Pictures with short captions

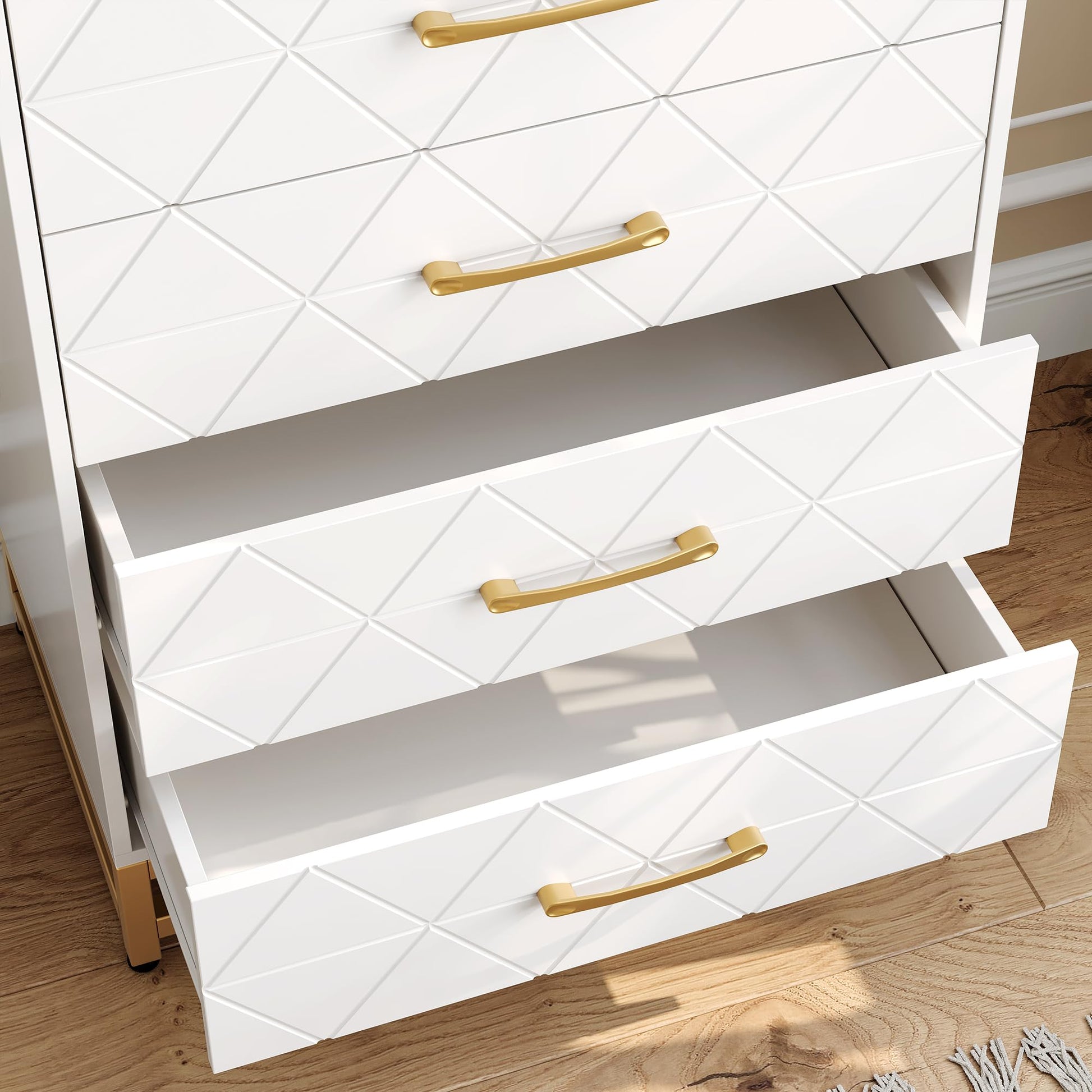 Commode Garvee pour chambre à coucher, 4 tiroirs, style moderne, poignées en métal, structure en MDF, blanche, robuste, grand espace de rangement, idéale pour le bureau ou le salon.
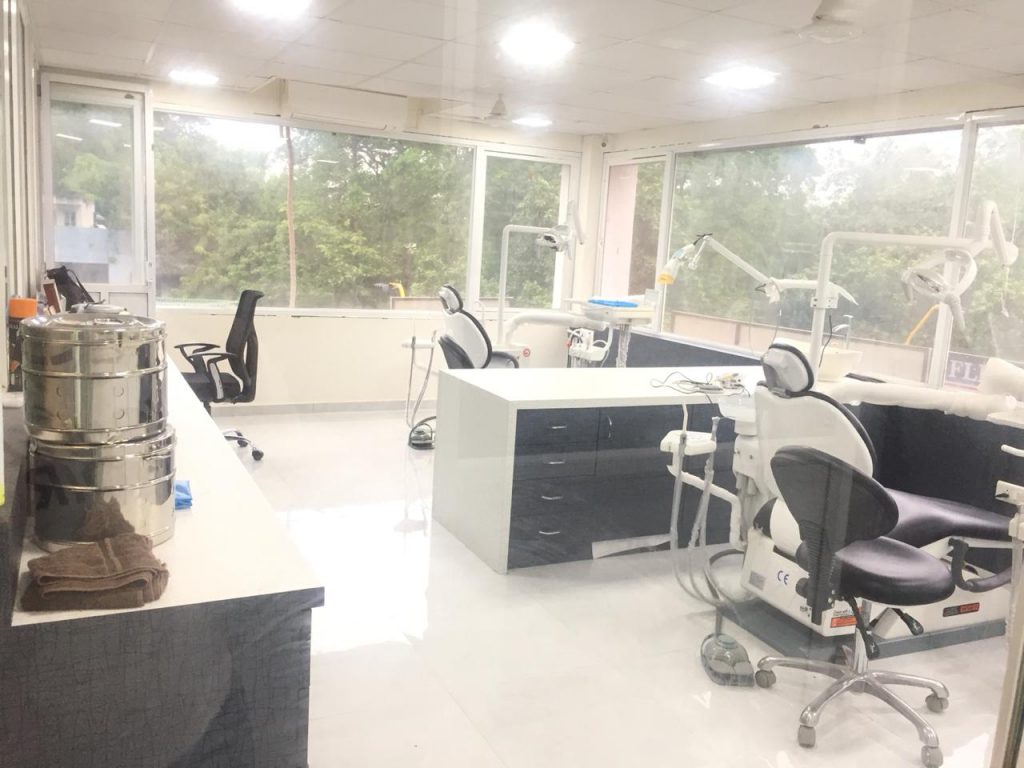 Baroda Dental clinic | Best Dentist in Vadodara
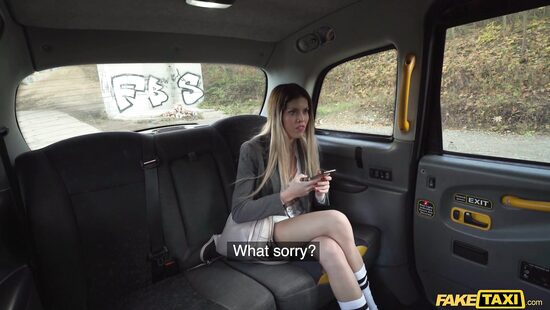 Водитель такси узнал порно звезду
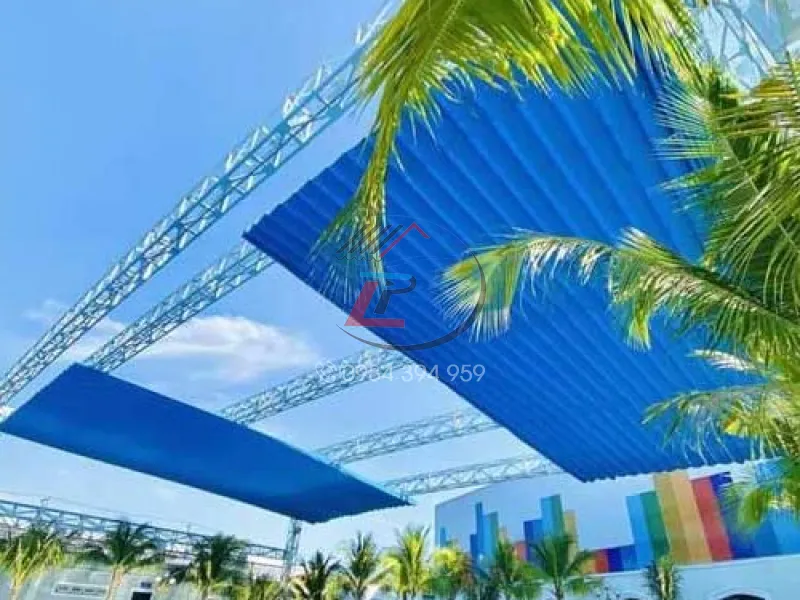 Mái xếp lượn sóng che hồ bơi tại Vũng Tàu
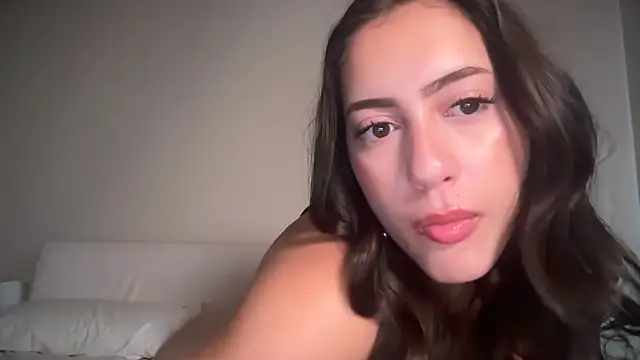 Snapshot of sieeena chatting on 02/08/26, 09:18 sieeena online show from 02/08/26, 09:18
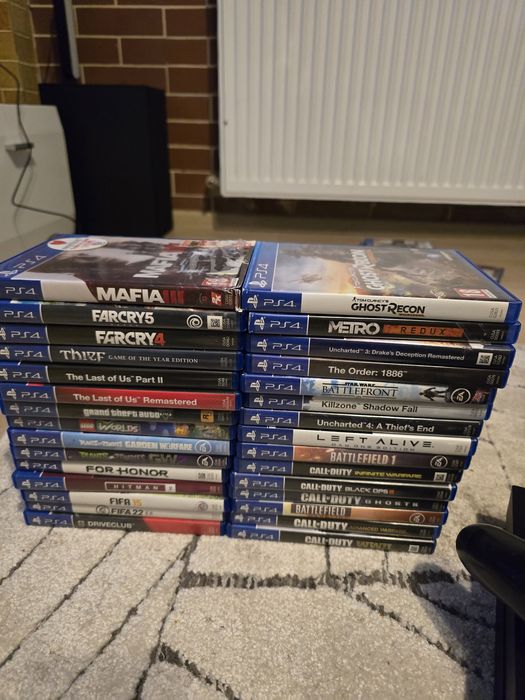30 jocuri PS4 + Consola PS4 cu 1 TB si 3 manete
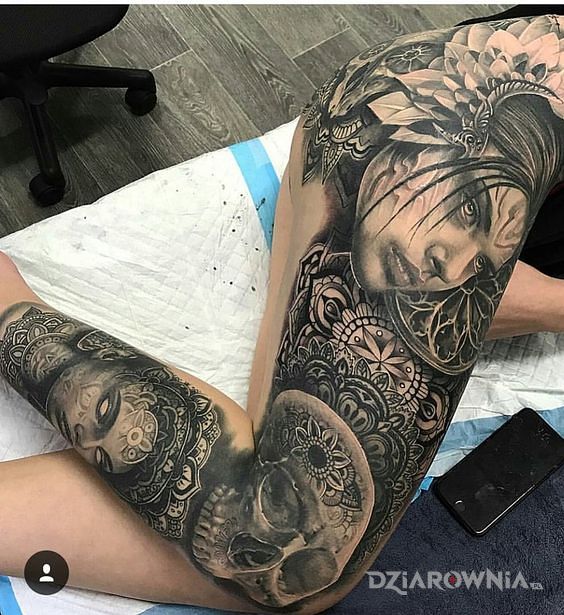 Tatuaż twarze na nodze - rękawy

_Task to complete:_ Without the pictures, reproduce every entry exactly as written.

_Reply to the exercise:_
 Commode Garvee pour chambre à coucher, 4 tiroirs, style moderne, poignées en métal, structure en MDF, blanche, robuste, grand espace de rangement, idéale pour le bureau ou le salon.
 Baroda Dental clinic | Best Dentist in Vadodara
 Водитель такси узнал порно звезду
 Mái xếp lượn sóng che hồ bơi tại Vũng Tàu
 Snapshot of sieeena chatting on 02/08/26, 09:18 sieeena online show from 02/08/26, 09:18
30 jocuri PS4 + Consola PS4 cu 1 TB si 3 manete
 Tatuaż twarze na nodze - rękawy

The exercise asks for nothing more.